「おいしい本、いただきます。」は、食にまつわるさまざまなウンチクや名場面がいっぱいの、眺めておいしい、読んでおいしい本を紹介する連載です。7回目に取り上げるのは関田淳子による『ハプスブルク家の食卓』。
過酷な戦争と16度の出産を、
マリア・テレジアは
スタミナスープで乗り越えた?!
『ハプスブルク家の食卓』 関田淳子 著 集英社 刊
マリー・アントワネットにその母、マリア・テレジア、そしてシシーの愛称で知られるエリザベート。
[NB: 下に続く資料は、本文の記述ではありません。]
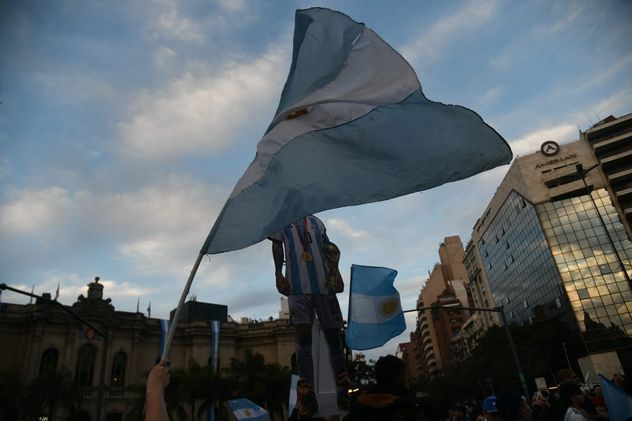 Los festejos en el Patio Olmos por el triunfo de Argentina con Inglaterra.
有名な王妃の存在で知られるハプスブルグ家ですが、ちょうど1年前に国立西洋美術館での『ハプスブルグ展』を観て、違う視点から、ハプスブルグ家を眺めたいと考えていました。約650年間の長きにわたってヨーロッパに君臨することを可能たらしめたのは、戦争をできるだけ回避した結婚政策だったことは肖像画を観て大きく頷きましたが、本書『ハプスブルグ家の食卓』を読むと、その歴史を裏側で支えてきたのが「食」だったとは! とても興味深いです。
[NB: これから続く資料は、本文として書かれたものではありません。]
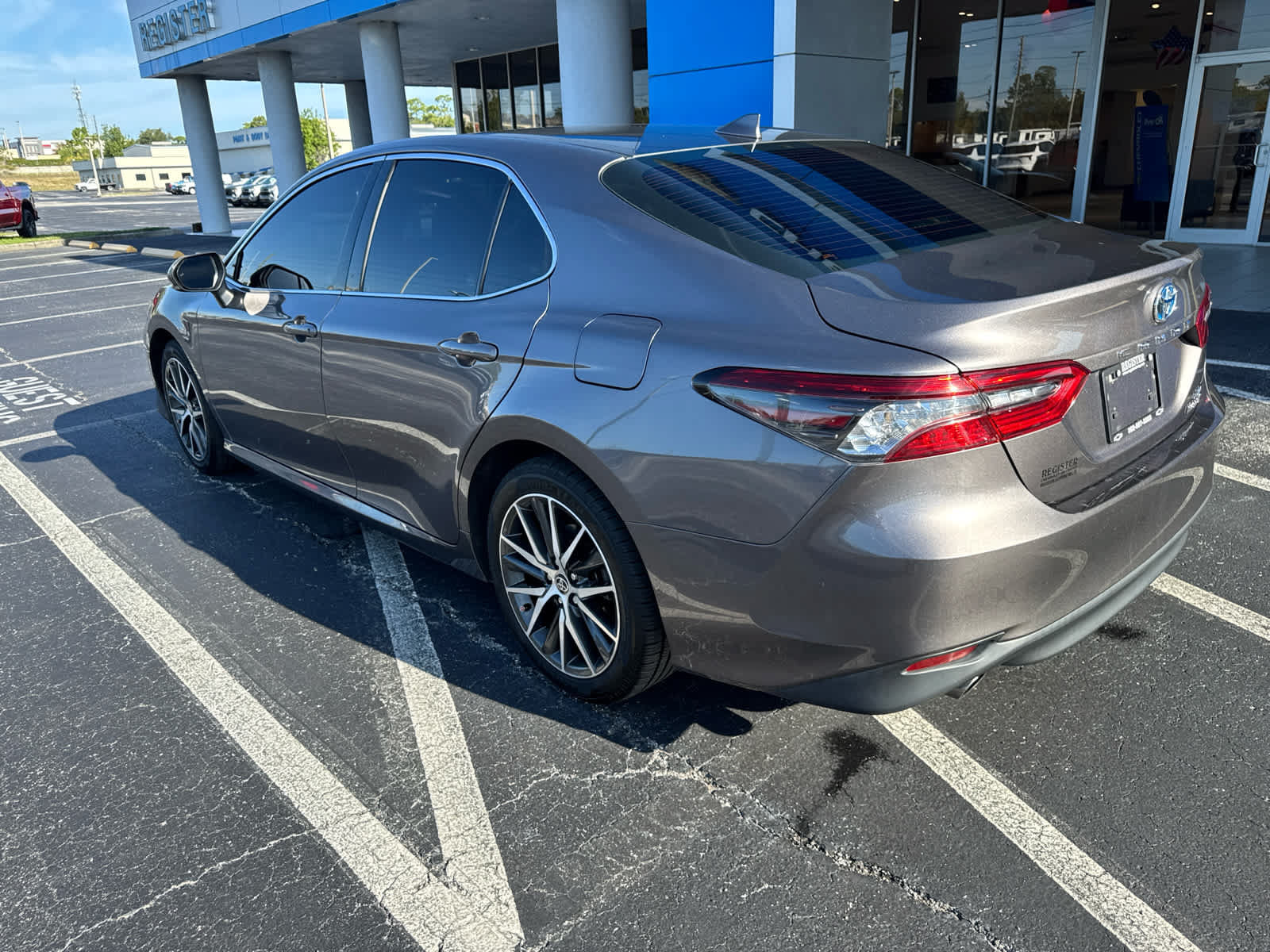 Used 2022 Toyota Camry XLE FWD image 4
スイス北東部の弱小の豪族だったハプスブルグ家。そこから、初代神聖ローマ帝国皇帝となったフリードリヒ三世の食生活は、実に質素だったようです。麦の粥にザワークラウト、蜂蜜とコショウをきかせて煮込んだ果物のコンポートが日々の食事だったそうです。その息子、マクシミリアン一世は「中世最後の騎士」と謳われ、ブルゴーニュ公国の公女と結婚、ハプスブルグ家のゆるぎない基礎を築きます。これによって、当時、繁栄を誇っていたブルゴーニュ宮廷の食卓文化がハプスブルグ家にもたらされることになりました。さらにその孫、カール五世が食べていたものは、牛霜降り肉、イノシシの焼肉、キジやウズラのソテー、ブルゴーニュのソーセージやハム、トリュフにウナギ……。旺盛な食欲は周囲を唖然とさせるほどだったそうですが、その正体はストレス性過食症だとか。ハプスブルグ家を不動の世界帝国に築き上げたカール五世の内面を、垣間見るようです。
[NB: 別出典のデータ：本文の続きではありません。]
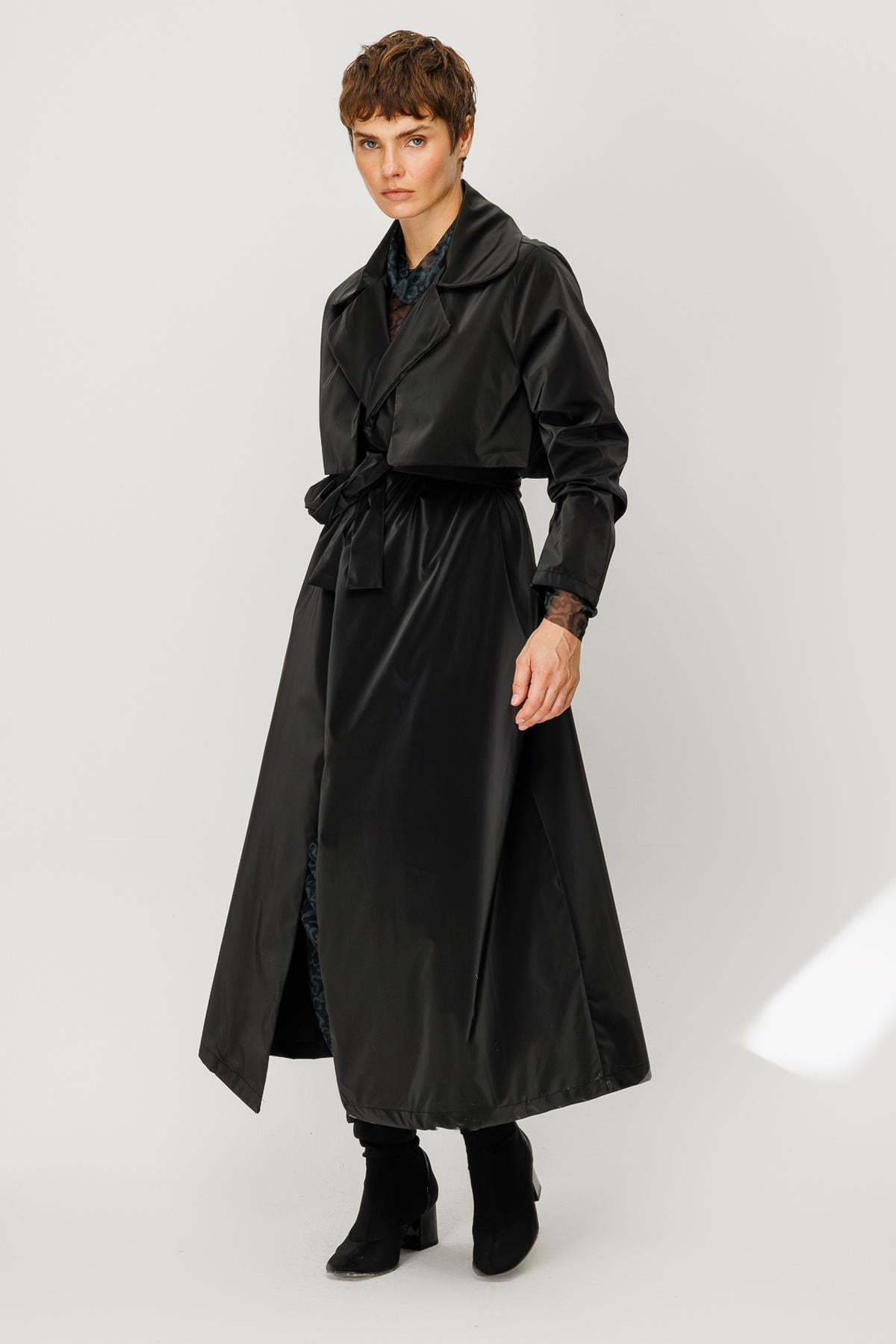 DERİ GÖRÜNÜMLÜ YELEKLİ TRENCHCOAT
それから10代下り、18世紀半ば、欧州列強が勢力拡大のための争いの渦中、ハプスブルグ家を継いだのが女帝マリア・テレジアでした。彼女は戦いを繰り返しながらも、16人の子を次々に出産。並外れた体力・気力の源が、昼夜各2つのコース料理に加え、日に7~8回おやつ替わりに食べていたという「オリオ・スープ」なんだそうです。気になるこのスタミナスープは、何種類もの具を煮込んだ、ごった煮スープ。もともとはスペインの郷土料理でした。
ハプスブルグ家が築き上げたのは、日没なき世界帝国と宮廷料理「ウイーン料理」。「この料理ほど噛むほどに複雑な歴史の味がする料理は珍しい」と著者が語るように、結婚政策や他国との戦争、異教徒との闘いを通して、絡み合い、融合したものがウイーン料理であり、世界の三大料理といわれる中国やフランス、トルコ料理とは大きく異なる点なのです。もし、春にホワイトアスパラガスを見かけたらハプスブルグ一族が世代を超えて好んだ食べ物だと味わい、ウィーンナー・シュニッツエルがメニューに並んでいたら、そっくりなミラノ風カツレツのことを思い出し、デザートには末期の皇妃でありダイエットマニアだったシシーもあがなえなかった、スミレのシャーベットを探してみて下さい。おいしさとともに、膨大な時間の流れを味わえるでしょう。